| GOAL OF THE EXERCISE |
Your answer should hold all lines of the entries that include the word "venda".

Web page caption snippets
[Start of Attachment]
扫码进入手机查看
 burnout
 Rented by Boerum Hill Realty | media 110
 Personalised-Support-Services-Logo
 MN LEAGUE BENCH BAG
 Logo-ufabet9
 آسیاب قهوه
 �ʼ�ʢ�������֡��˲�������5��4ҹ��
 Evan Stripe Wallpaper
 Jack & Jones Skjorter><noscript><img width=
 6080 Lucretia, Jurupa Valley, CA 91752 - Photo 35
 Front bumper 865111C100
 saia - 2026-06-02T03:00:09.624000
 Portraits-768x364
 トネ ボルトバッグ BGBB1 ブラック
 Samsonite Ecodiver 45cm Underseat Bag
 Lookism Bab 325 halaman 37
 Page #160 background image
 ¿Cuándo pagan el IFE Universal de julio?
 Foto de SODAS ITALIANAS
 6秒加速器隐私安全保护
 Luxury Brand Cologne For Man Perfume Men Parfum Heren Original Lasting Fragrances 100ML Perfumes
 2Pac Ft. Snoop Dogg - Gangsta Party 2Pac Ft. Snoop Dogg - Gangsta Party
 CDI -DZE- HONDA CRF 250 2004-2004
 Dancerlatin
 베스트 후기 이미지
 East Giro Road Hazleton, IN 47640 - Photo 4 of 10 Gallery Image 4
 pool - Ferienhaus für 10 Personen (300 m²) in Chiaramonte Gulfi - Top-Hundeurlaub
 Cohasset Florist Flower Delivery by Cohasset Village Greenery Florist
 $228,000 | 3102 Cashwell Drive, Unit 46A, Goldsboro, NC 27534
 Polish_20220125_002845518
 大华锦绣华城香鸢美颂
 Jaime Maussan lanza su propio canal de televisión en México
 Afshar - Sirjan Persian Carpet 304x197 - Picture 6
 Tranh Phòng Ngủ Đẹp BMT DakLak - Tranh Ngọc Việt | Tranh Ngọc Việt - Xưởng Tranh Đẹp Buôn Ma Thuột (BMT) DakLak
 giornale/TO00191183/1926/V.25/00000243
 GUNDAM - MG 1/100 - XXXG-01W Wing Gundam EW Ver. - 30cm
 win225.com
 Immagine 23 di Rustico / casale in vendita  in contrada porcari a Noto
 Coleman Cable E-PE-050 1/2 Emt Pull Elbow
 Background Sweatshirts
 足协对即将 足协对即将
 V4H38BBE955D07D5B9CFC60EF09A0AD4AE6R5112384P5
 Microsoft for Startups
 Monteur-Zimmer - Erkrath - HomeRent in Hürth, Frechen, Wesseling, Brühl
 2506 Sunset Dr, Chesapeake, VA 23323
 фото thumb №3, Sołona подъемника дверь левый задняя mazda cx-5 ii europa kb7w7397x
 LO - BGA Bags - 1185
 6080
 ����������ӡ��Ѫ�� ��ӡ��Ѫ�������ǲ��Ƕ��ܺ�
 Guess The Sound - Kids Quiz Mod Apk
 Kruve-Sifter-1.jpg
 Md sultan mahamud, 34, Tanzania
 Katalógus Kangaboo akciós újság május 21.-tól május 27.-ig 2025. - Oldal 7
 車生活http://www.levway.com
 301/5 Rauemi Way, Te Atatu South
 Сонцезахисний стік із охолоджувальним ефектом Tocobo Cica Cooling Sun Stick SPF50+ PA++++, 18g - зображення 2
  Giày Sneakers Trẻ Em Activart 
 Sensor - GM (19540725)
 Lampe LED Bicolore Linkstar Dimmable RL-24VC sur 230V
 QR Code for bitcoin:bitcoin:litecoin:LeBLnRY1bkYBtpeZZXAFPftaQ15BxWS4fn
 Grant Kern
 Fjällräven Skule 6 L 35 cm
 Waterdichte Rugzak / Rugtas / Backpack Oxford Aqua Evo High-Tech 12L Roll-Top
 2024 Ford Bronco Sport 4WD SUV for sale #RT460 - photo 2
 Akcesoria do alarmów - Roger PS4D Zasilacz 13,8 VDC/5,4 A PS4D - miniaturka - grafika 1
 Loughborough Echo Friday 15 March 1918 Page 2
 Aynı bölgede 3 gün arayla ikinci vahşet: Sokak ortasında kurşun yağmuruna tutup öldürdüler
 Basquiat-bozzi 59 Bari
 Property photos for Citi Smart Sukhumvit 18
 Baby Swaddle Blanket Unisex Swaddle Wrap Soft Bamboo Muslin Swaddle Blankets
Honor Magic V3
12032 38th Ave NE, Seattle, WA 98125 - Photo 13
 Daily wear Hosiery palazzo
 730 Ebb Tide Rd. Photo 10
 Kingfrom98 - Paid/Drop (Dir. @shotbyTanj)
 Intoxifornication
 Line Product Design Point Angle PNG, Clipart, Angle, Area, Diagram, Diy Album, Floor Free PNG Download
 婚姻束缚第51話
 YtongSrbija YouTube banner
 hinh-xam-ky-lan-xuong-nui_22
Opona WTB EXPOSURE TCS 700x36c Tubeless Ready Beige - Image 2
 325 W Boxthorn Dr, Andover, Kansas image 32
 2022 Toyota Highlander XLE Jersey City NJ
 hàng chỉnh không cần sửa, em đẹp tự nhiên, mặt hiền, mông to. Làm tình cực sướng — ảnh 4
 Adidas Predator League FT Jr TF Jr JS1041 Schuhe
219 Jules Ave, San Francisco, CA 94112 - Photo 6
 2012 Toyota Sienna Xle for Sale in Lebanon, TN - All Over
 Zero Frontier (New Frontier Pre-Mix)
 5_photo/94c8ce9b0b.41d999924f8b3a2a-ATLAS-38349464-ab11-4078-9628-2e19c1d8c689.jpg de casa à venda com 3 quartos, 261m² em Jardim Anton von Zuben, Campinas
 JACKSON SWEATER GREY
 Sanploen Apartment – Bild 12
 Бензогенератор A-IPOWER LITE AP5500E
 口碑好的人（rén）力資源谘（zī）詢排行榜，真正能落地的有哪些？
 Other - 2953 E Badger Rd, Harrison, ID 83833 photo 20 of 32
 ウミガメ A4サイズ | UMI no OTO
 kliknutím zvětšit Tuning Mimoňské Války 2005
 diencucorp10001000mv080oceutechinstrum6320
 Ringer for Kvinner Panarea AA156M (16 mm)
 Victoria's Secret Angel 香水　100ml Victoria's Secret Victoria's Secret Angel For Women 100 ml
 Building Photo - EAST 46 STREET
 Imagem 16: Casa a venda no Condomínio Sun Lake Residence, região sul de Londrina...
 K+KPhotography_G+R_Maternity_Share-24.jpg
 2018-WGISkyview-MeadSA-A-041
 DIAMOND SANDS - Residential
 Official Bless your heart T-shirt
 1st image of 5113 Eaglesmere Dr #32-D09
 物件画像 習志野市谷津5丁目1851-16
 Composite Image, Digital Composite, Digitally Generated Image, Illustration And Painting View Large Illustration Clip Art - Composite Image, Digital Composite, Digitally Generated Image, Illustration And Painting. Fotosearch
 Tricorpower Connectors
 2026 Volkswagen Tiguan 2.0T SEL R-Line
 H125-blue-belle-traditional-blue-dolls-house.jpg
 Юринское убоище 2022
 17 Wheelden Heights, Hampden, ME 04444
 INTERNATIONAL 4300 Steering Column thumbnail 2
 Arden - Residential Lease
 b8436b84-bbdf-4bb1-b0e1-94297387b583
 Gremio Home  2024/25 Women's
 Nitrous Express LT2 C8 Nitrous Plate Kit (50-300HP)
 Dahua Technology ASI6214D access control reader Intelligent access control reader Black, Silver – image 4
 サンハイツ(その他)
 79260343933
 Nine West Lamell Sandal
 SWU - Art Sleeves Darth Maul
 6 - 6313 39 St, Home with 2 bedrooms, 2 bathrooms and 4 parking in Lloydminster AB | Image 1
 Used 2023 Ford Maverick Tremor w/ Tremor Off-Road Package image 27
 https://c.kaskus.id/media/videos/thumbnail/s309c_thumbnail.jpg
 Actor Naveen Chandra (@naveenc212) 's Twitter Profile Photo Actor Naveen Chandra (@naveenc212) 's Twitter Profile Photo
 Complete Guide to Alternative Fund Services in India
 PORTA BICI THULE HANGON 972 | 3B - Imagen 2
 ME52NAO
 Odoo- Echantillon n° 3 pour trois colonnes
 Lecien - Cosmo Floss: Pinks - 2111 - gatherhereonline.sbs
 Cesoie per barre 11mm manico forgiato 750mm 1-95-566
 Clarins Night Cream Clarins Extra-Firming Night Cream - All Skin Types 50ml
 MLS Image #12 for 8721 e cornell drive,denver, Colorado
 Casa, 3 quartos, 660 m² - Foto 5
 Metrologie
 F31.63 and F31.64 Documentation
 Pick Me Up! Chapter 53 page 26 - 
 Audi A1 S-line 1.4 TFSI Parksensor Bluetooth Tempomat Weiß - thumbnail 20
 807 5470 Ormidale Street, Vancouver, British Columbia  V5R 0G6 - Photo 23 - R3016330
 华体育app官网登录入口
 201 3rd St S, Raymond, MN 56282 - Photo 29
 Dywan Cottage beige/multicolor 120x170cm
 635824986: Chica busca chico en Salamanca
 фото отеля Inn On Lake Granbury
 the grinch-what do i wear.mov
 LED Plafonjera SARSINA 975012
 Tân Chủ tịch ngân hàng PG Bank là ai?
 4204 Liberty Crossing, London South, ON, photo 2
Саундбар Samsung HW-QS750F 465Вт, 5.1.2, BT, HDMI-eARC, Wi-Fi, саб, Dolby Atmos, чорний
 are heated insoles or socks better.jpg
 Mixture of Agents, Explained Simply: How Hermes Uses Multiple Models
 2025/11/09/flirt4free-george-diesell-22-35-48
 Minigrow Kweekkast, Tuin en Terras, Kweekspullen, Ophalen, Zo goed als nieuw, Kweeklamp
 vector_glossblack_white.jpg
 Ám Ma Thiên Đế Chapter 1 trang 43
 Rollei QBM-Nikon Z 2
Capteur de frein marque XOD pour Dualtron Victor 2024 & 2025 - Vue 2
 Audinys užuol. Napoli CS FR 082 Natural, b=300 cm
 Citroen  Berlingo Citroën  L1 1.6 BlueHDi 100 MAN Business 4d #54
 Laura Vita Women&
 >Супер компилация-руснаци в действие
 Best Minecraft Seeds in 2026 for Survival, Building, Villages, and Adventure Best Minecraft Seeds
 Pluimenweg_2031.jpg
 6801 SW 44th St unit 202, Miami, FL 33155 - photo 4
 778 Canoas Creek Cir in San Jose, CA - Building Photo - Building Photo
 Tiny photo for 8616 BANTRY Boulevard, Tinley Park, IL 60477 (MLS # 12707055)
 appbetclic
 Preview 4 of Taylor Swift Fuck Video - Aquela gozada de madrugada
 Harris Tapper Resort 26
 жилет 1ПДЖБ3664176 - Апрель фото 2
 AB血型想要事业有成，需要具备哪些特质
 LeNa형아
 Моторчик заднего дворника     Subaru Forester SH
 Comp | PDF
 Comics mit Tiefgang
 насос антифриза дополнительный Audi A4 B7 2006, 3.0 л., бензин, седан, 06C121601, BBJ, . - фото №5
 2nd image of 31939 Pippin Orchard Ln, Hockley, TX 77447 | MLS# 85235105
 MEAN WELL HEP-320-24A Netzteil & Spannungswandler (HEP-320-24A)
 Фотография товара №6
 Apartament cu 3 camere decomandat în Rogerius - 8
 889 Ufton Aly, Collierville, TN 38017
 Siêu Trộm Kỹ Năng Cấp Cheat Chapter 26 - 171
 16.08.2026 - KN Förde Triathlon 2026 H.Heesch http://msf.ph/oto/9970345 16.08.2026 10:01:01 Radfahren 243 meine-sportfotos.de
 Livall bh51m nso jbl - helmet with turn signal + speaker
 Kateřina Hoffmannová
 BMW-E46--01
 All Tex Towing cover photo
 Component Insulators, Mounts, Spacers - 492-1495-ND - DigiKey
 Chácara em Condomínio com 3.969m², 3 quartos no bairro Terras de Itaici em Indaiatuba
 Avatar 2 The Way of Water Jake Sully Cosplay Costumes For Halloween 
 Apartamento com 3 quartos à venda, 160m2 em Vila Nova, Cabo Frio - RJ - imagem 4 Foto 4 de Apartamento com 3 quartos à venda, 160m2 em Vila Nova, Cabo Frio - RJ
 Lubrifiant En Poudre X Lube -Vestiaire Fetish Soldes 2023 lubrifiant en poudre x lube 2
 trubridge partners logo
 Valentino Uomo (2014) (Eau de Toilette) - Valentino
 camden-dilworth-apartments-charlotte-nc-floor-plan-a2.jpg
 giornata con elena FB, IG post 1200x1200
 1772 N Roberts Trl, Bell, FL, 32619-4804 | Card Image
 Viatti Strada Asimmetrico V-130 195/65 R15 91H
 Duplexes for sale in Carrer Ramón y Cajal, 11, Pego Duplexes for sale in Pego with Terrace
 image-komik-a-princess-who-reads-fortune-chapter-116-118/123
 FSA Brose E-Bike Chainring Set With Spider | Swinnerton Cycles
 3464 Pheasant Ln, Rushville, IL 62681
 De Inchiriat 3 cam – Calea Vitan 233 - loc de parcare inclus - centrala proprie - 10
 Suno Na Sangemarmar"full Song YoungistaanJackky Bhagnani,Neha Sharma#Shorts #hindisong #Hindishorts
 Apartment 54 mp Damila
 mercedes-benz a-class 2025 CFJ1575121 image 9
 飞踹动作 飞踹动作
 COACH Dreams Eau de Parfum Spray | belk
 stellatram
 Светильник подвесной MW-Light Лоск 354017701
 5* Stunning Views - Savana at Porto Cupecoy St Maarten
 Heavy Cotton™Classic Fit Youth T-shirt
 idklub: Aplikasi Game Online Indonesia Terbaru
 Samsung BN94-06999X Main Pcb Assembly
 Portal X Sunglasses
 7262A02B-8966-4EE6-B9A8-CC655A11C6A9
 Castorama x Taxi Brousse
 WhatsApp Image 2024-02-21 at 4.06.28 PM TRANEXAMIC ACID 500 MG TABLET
[End of Attachment]
| RESULT BELOW |
 5_photo/94c8ce9b0b.41d999924f8b3a2a-ATLAS-38349464-ab11-4078-9628-2e19c1d8c689.jpg de casa à venda com 3 quartos, 261m² em Jardim Anton von Zuben, Campinas
 Imagem 16: Casa a venda no Condomínio Sun Lake Residence, região sul de Londrina...
 Apartamento com 3 quartos à venda, 160m2 em Vila Nova, Cabo Frio - RJ - imagem 4 Foto 4 de Apartamento com 3 quartos à venda, 160m2 em Vila Nova, Cabo Frio - RJ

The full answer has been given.